───── Collected material ─────

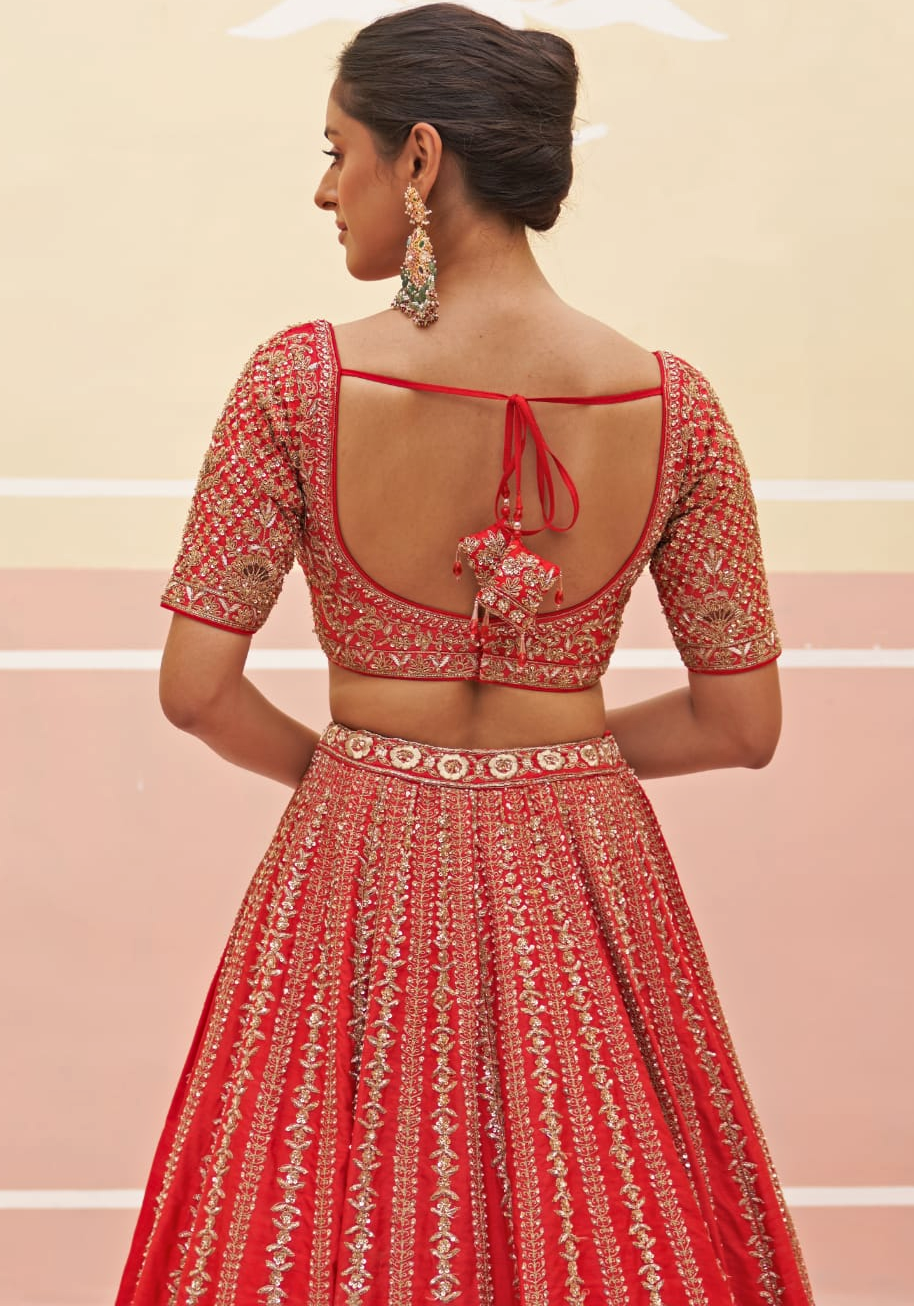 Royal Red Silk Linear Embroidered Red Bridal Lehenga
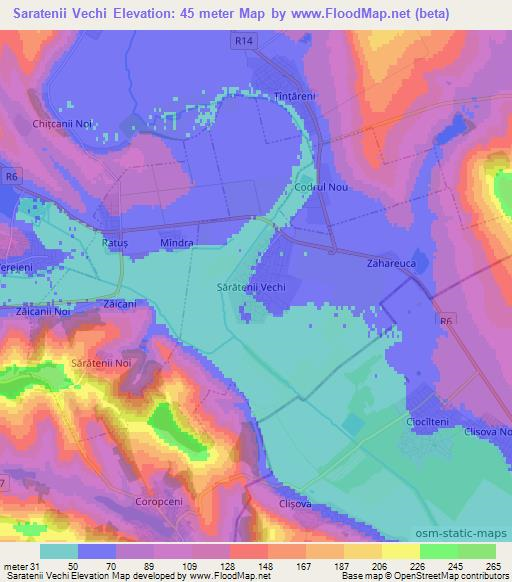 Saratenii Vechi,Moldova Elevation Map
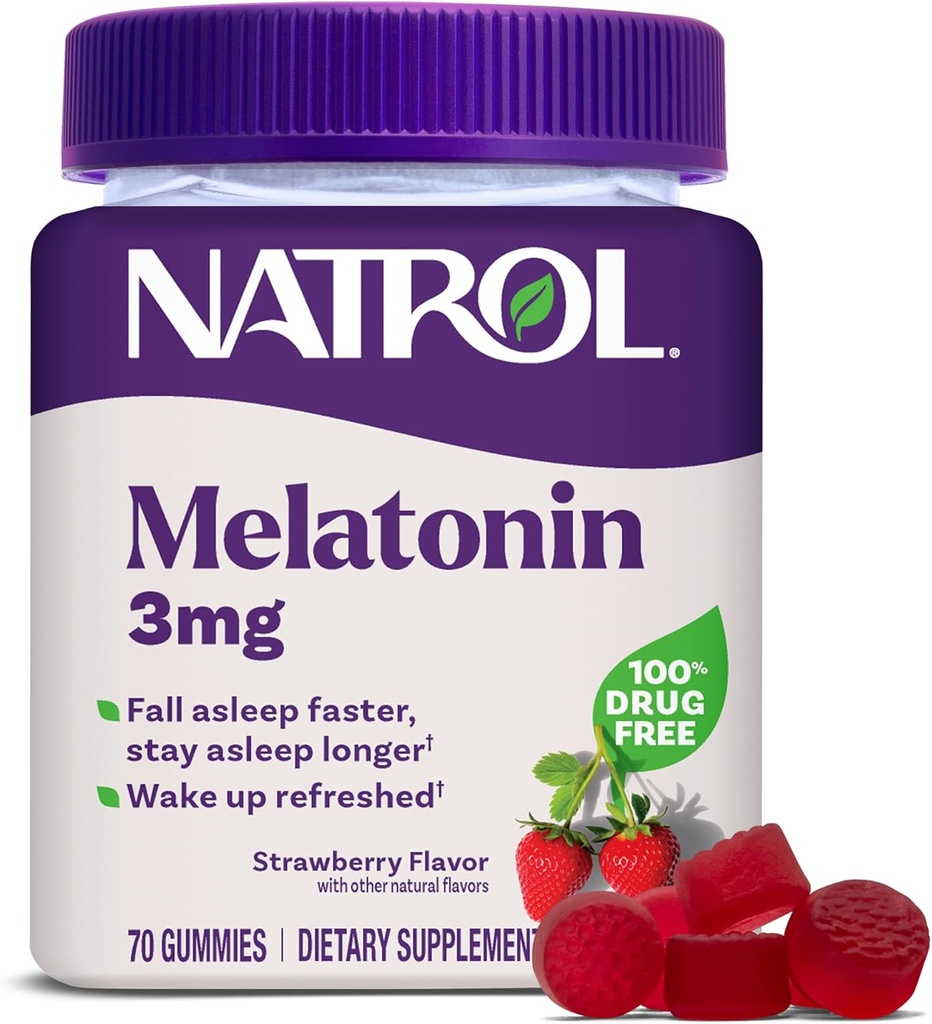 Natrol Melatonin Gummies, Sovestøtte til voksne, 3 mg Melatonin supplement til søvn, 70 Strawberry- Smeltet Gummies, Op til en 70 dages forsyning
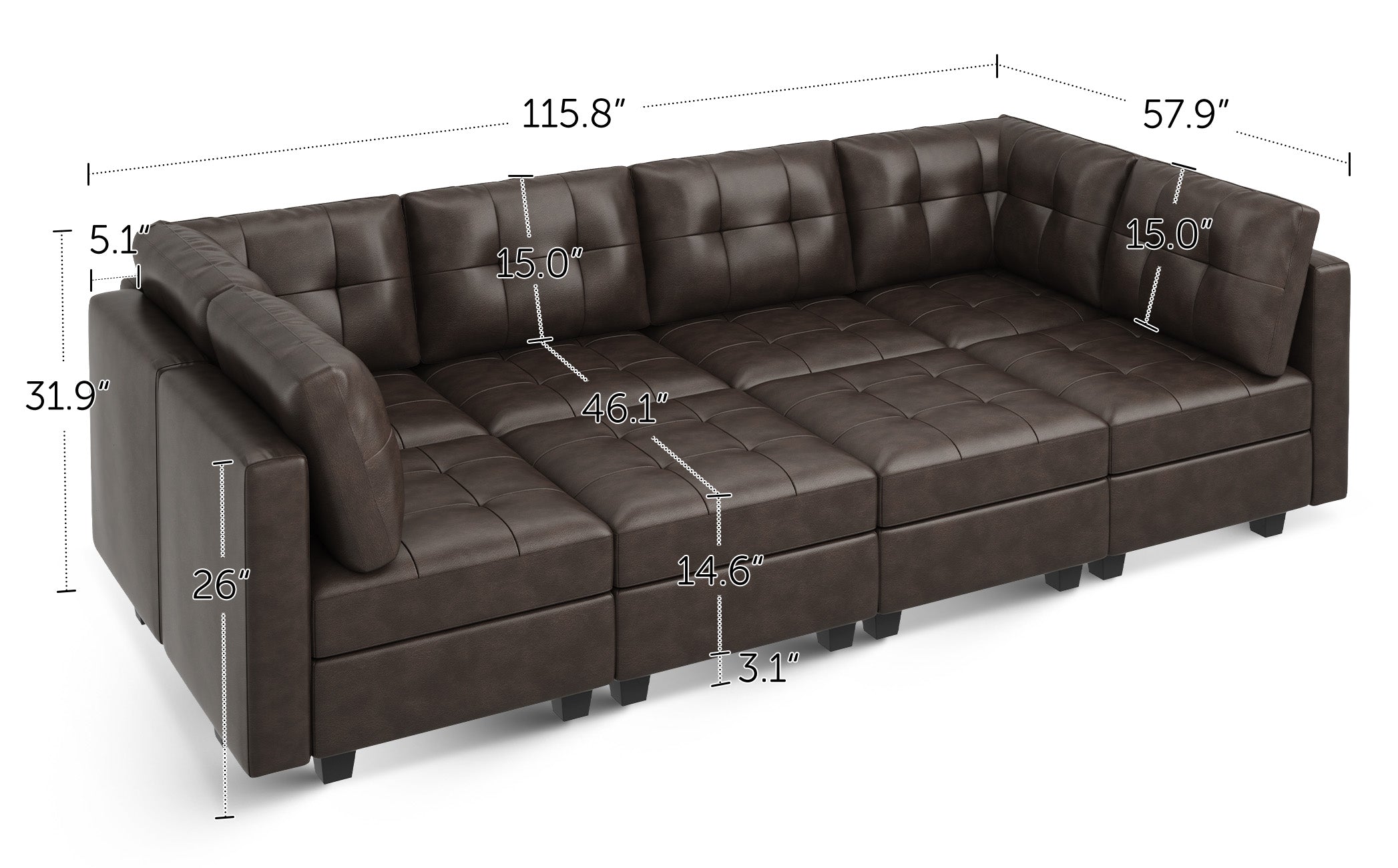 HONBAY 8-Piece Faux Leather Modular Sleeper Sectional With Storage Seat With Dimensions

─────

Give back every line of the material exactly as written, but not the pictures.

 Royal Red Silk Linear Embroidered Red Bridal Lehenga
 Saratenii Vechi,Moldova Elevation Map
 Natrol Melatonin Gummies, Sovestøtte til voksne, 3 mg Melatonin supplement til søvn, 70 Strawberry- Smeltet Gummies, Op til en 70 dages forsyning
 HONBAY 8-Piece Faux Leather Modular Sleeper Sectional With Storage Seat With Dimensions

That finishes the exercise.